The complaint (PDF) was filed by Sonya Wilson in the U.S. District Court for the Eastern District of Tennessee on June 2, alleging that Bayer failed to adequately warn women and the medical community about the risk of complications following Essure procedures to place the bendable coils into the fallopian tubes to prevent pregnancy.

Essure coils are designed to provide permanent sterilization for women following the out-patient procedure, as scar tissue forms around the coils and blocks a woman’s tubes. Although the device has been marketed as a safe and effective means of preventing pregnancy, thousands of women have surfaced in recent years on Facebook, Twitter and other websites describing problems where the coils migrated, perforated the uterus, caused severe allergic reactions, infections, abdominal pain and other problems.

Wilson indicates that she had Essure coils implanted in June 2006, and began to suffer severe headaches, migraines, pelvic pain, fatigue, hair loss, joint pain and heavy menstrual bleeding.
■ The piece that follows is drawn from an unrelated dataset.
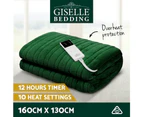 Giselle Electric Throw Rug Heated Blanket Fleece Green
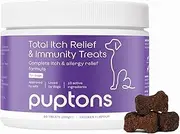 puptons Total Itch Relief & Immunity Treats for Dogs | Stop Itching, licking and scratching | Sooth itchy paws, skin, ears, eyes | For small, medium & large dogs (180 Treats)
As a result of the complications, she had the Essure removed in December 2015 via a hysterectomy.

The case is one of a growing number of Essure coil lawsuits filed by women nationwide, alleging that Bayer hid information from the FDA and medical community about complications associated with the device.

“The Defendants conduct not only violated its federal regulatory duties and its duties under Tennessee law, but also buried a massive amount of information that should have been shared with the medical and scientific community and the public,” the lawsuit states. “Because the Defendants failed to timely, completely, or accurately report their knowledge of the risks and complications associated with the Essure device, the public’s knowledge of the risks associated with the Essure device were seriously hampered and delayed. This endangered patient safety, including Plaintiff’s safety.”
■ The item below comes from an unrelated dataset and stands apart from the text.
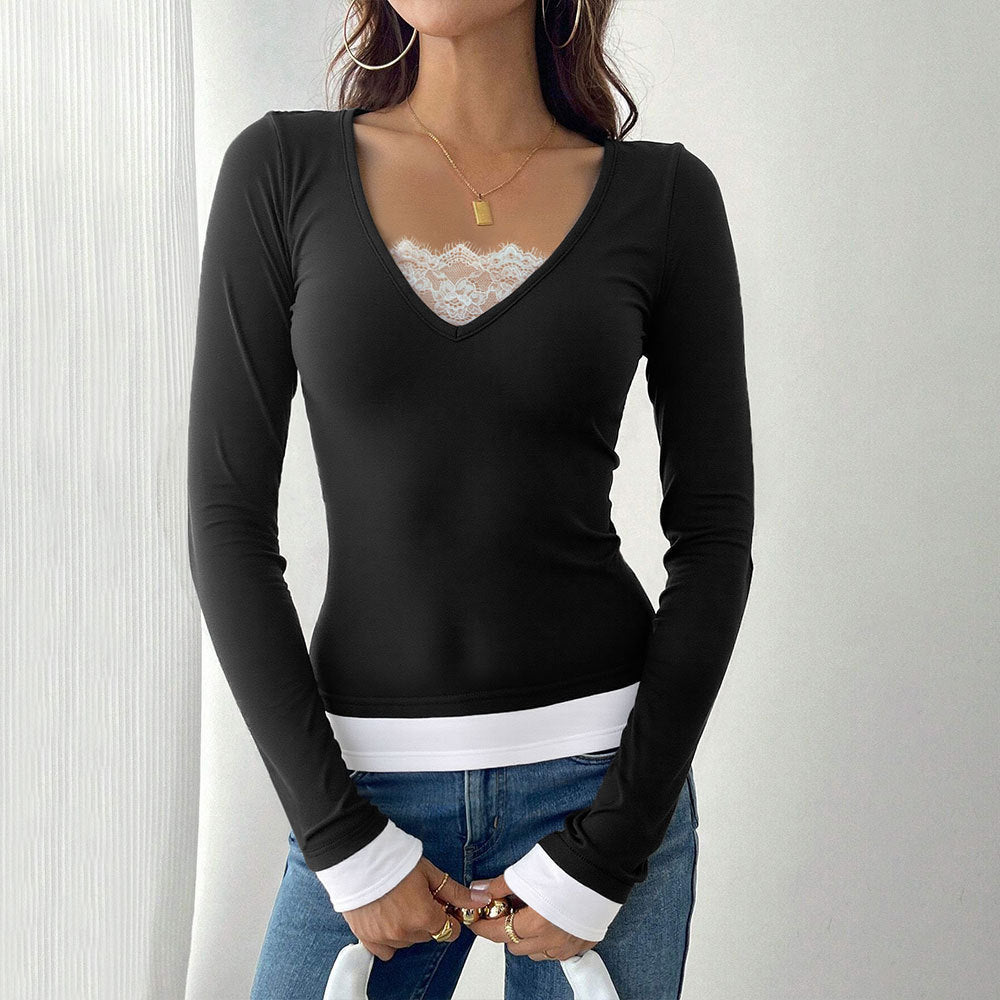 Chemise à manches longues pour femmes avec col en V et sous-vêtement tendance Levoire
Wilson and other women who have filed complaints in courts throughout the U.S. allege that Bayer failed to properly report more than 16,000 adverse events involving injuries or deaths with the Essure implant. In addition, a number of other manufacturing violations have been found by federal regulators involving the product, leading some experts to suggest that the FDA should require an Essure recall.

Last year, the FDA held advisory panel meetings to review the safety of Essure. After considering recommendations from the panel of outside experts, the agency announced in late February 2016 that much stronger Essure warnings will be required to make sure doctors and women are informed of the potential risks. Bayer has also been ordered to conduct additional studies to better understand the safety of the implant, raising questions about why the manufacturer failed to take these steps years ago after receiving complaints.

An estimated 750,000 women worldwide have undergone Essure sterilization procedures since the device was introduced in 2002. Bayer purchased the Essure product from the original developer, Conceptus, for about $1.1 billion in 2013.

As Essure injury lawyers continue to review and file potential cases for women nationwide, it is ultimately expected that Bayer could face hundreds, if not thousands, of lawsuits in courts throughout the U.S.